[STORED DATA]:

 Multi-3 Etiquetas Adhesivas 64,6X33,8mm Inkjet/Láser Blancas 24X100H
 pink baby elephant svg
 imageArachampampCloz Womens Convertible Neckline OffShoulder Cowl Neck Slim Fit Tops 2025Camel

---

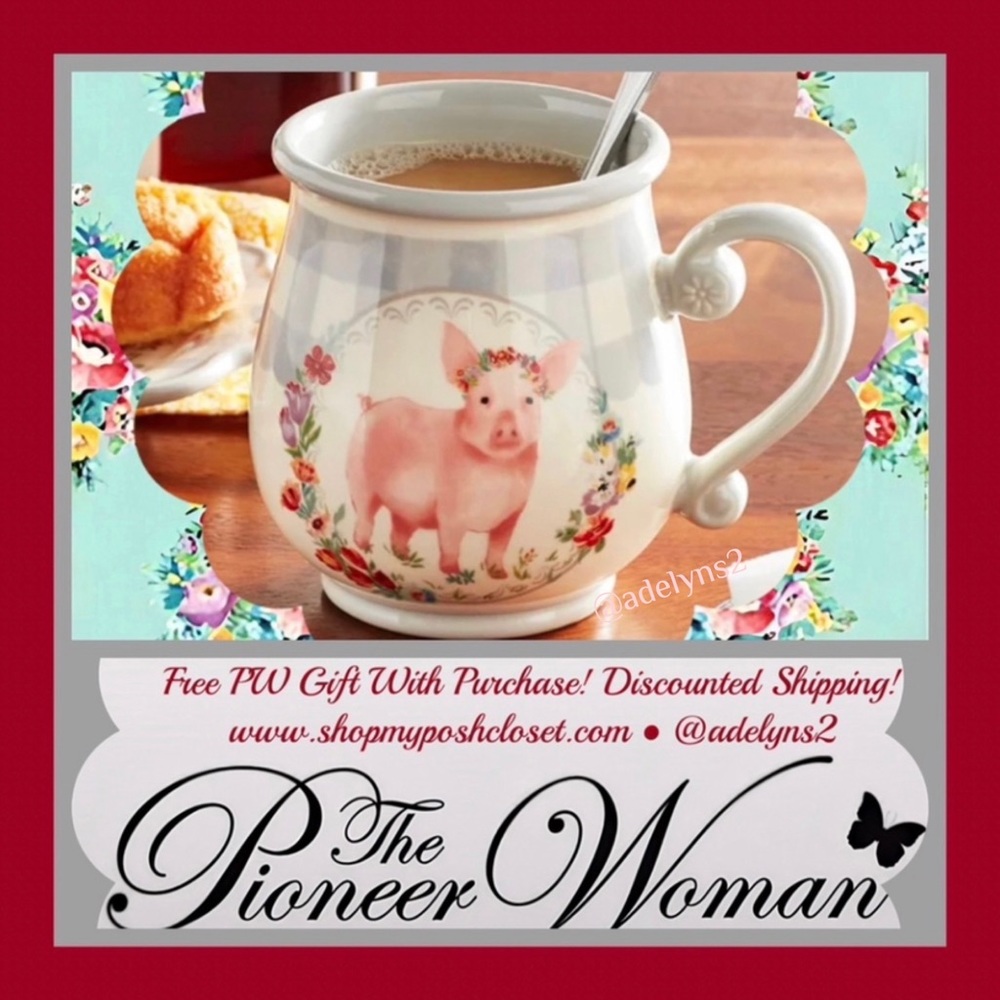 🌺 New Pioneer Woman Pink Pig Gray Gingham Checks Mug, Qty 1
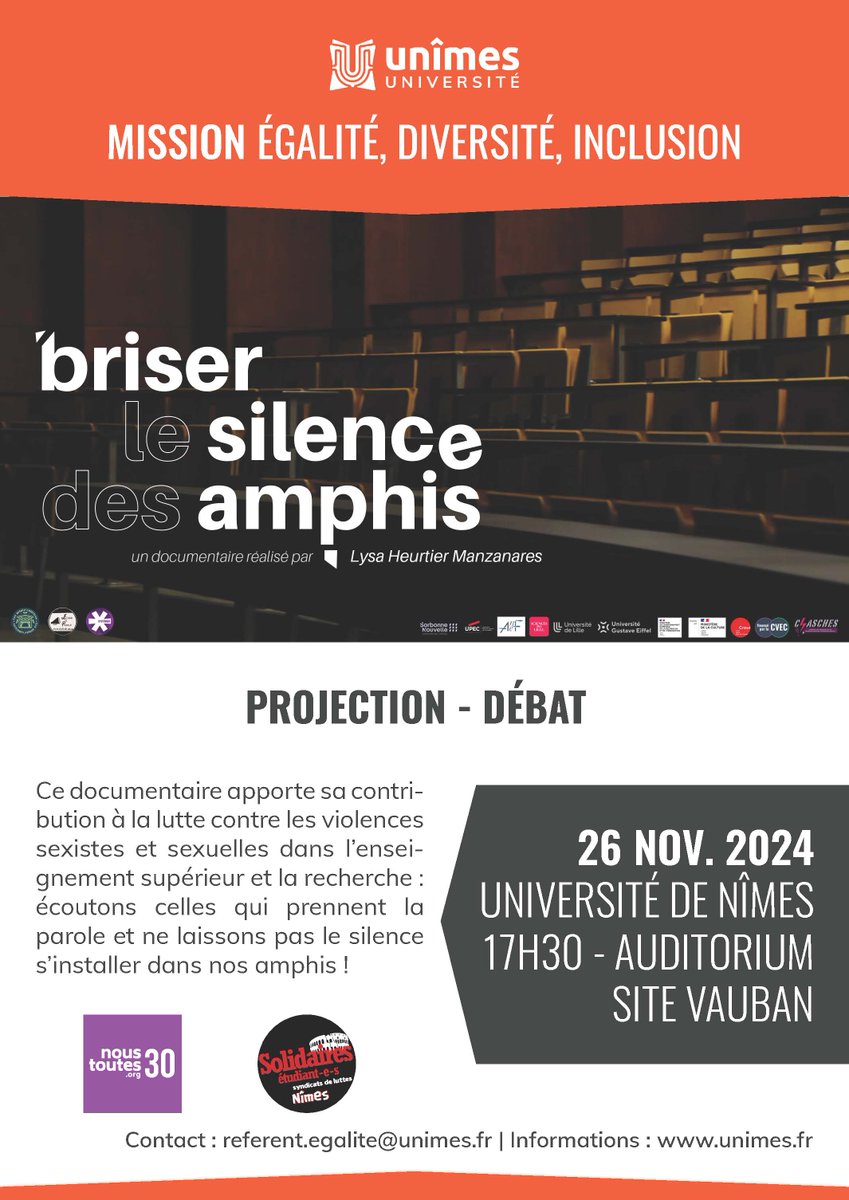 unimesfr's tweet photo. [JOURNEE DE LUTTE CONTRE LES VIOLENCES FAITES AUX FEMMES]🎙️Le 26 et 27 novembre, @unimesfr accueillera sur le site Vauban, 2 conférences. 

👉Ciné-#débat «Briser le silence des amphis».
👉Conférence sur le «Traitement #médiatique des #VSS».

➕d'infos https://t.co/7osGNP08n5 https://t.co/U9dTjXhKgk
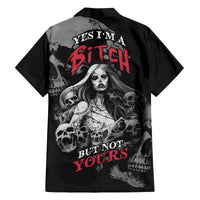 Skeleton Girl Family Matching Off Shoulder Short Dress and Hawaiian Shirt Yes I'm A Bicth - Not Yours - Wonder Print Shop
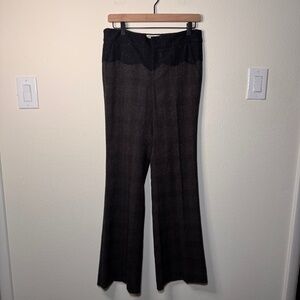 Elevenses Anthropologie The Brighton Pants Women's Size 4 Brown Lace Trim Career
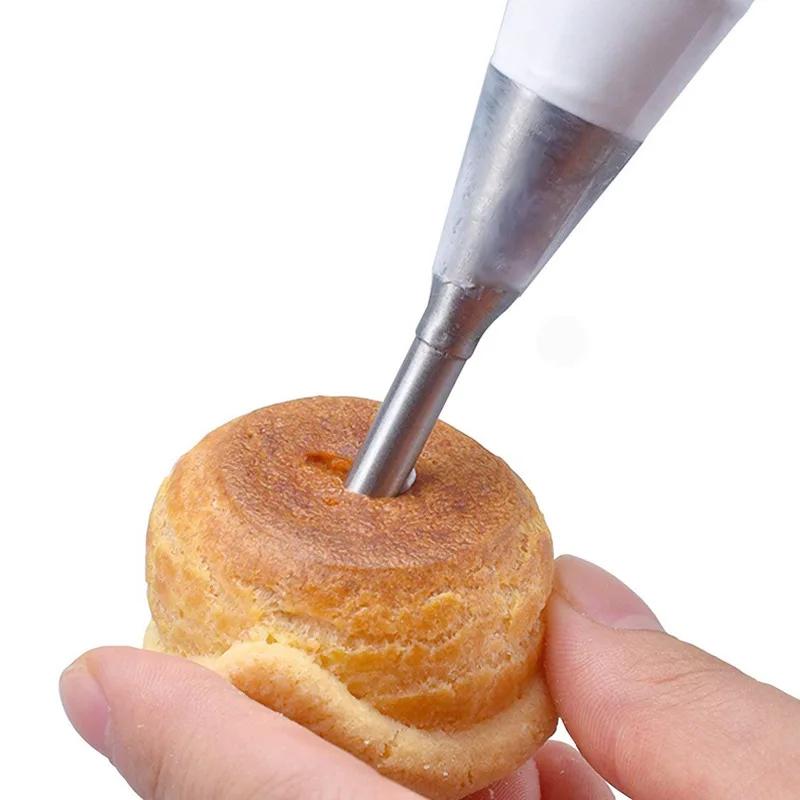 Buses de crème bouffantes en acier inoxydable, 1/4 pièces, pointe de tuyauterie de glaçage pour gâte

[EXERCISE]:
Starting with the line that has "unimesfr's tweet photo." and going on through the line that has "Buses de crème", transcribe the records above exactly, but skip the pictures.

[WRITTEN RESPONSE]:
 unimesfr's tweet photo. [JOURNEE DE LUTTE CONTRE LES VIOLENCES FAITES AUX FEMMES]🎙️Le 26 et 27 novembre, @unimesfr accueillera sur le site Vauban, 2 conférences. 

👉Ciné-#débat «Briser le silence des amphis».
👉Conférence sur le «Traitement #médiatique des #VSS».

➕d'infos https://t.co/7osGNP08n5 https://t.co/U9dTjXhKgk
 Skeleton Girl Family Matching Off Shoulder Short Dress and Hawaiian Shirt Yes I'm A Bicth - Not Yours - Wonder Print Shop
 Elevenses Anthropologie The Brighton Pants Women's Size 4 Brown Lace Trim Career
 Buses de crème bouffantes en acier inoxydable, 1/4 pièces, pointe de tuyauterie de glaçage pour gâte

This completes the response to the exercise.